As disclosed in the example embodiment and the first example embodiment, a position and a posture of the movement target can be estimated with high accuracy by estimating the positions of the corners present on the rear surface of the movement target in accordance with the positions of the corners present on the front surface of the movement target.

Further, some or all of the above-described processes performed by the information processing apparatus 105 can be implemented as a computer program. The above program can be stored and provided to a computer using any type of non-transitory computer readable media. Non-transitory computer readable media include any type of tangible storage media. Examples of non-transitory computer readable media include magnetic storage media (such as flexible disks, magnetic tapes, hard disk drives, etc.), optical magnetic storage media (e.g., magneto-optical disks), CD-ROM (Read Only Memory), CD-R, CD-R/W, and semiconductor memories (such as mask ROM, PROM (Programmable ROM), EPROM (Erasable PROM), flash ROM, RAM (Random Access Memory), etc.). The program may be provided to a computer using any type of transitory computer readable media. Examples of transitory computer readable media include electric signals, optical signals, and electromagnetic waves.
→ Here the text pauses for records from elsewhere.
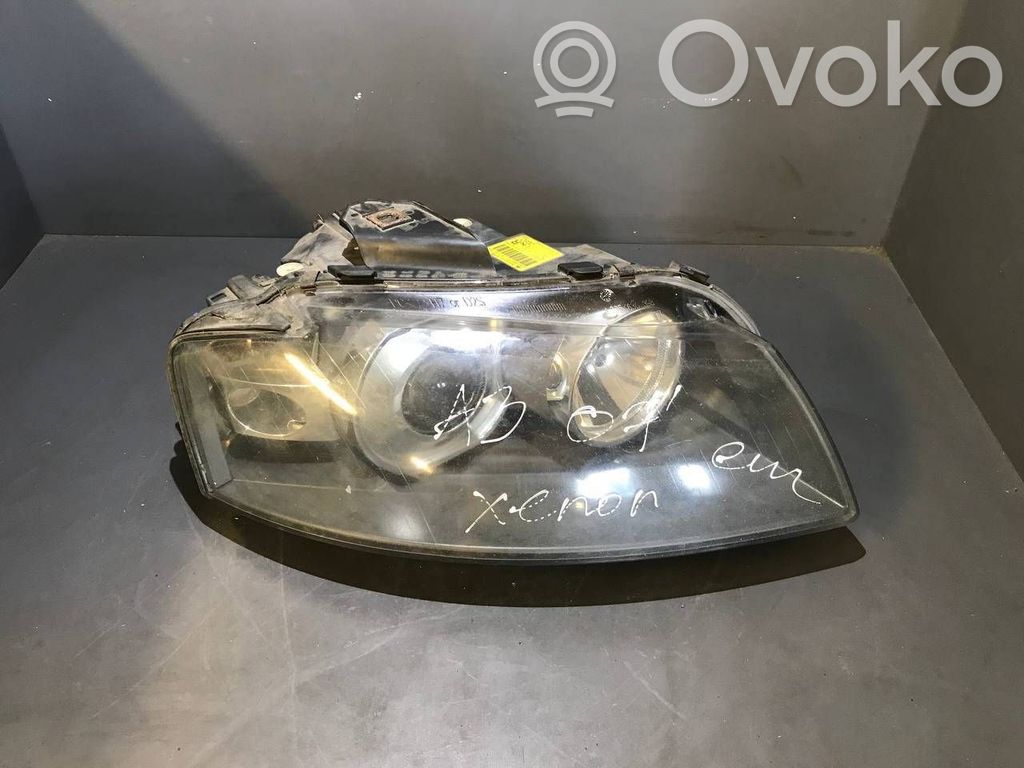 Audi A3 S3 8P Lampa przednia 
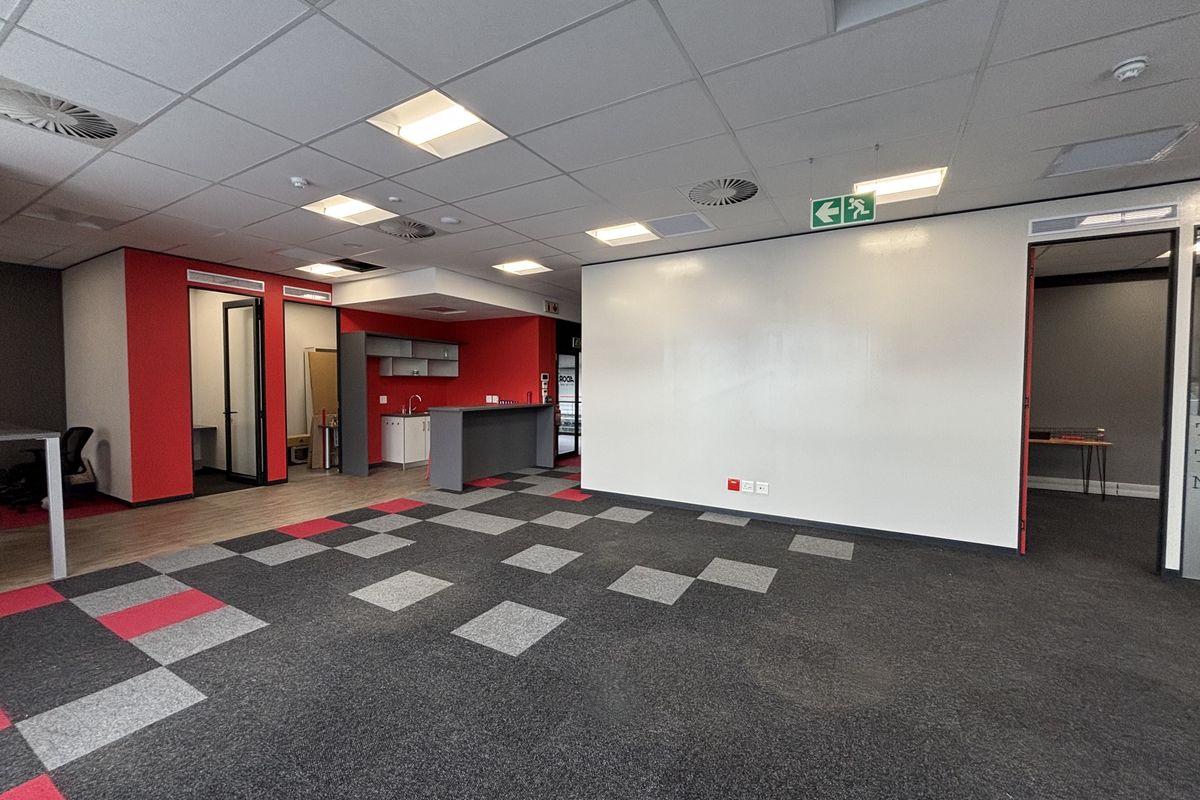 The Village Square Shopping Centre/ unit 208 - Photo 2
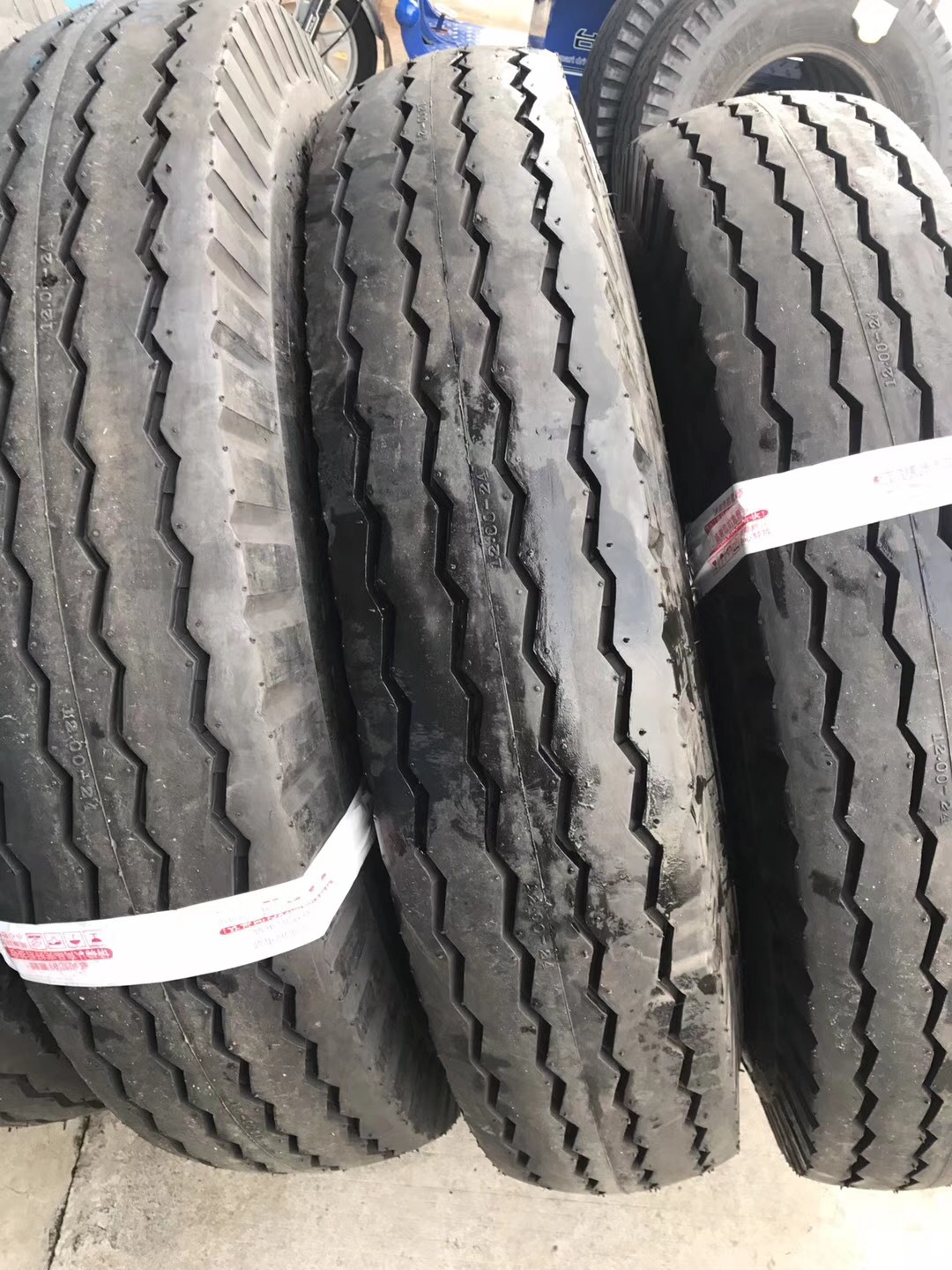 朝阳工程轮胎120024卡车轮胎120024斜交卡车胎三包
Transitory computer readable media can provide the program to a computer via a wired communication line (e.g., electric wires and optical fibers) or a wireless communication line.

Note that the present invention is not limited to the above-described example embodiments and may be changed as appropriate without departing from the scope and spirit of the present invention.

The whole or part of the example embodiments disclosed above can be described as, but not limited to, the following supplementary notes.

(Supplementary Note 1)

A movement target specification system comprising:

- holding means for holding a movement target;
- height acquisition means for acquiring a height of an image capturing apparatus attached to the holding means;
- recognition means for recognizing positions of corners present on a front surface of the movement target in an image of the movement target captured by using the image capturing apparatus;
- search means for searching for similar data similar to the image of the movement target in accordance with the acquired height of the image capturing apparatus and the recognized positions of the corners present on the front surface of the movement target;
- estimation means for estimating positions of corners present on a rear surface of the movement target in accordance with the similar data that has been searched for; and
- specification means for specifying a state of the movement target in accordance with the recognized positions of the corners present on the front surface of the movement target and the estimated positions of the corners present on the rear surface of the movement target.

(Supplementary Note 2)

The movement target specification system according to supplementary note 1, wherein the recognition means recognizes the positions of the corners present on the front surface of the movement target in accordance with an amount of change in a feature in the image. (Supplementary Note 3)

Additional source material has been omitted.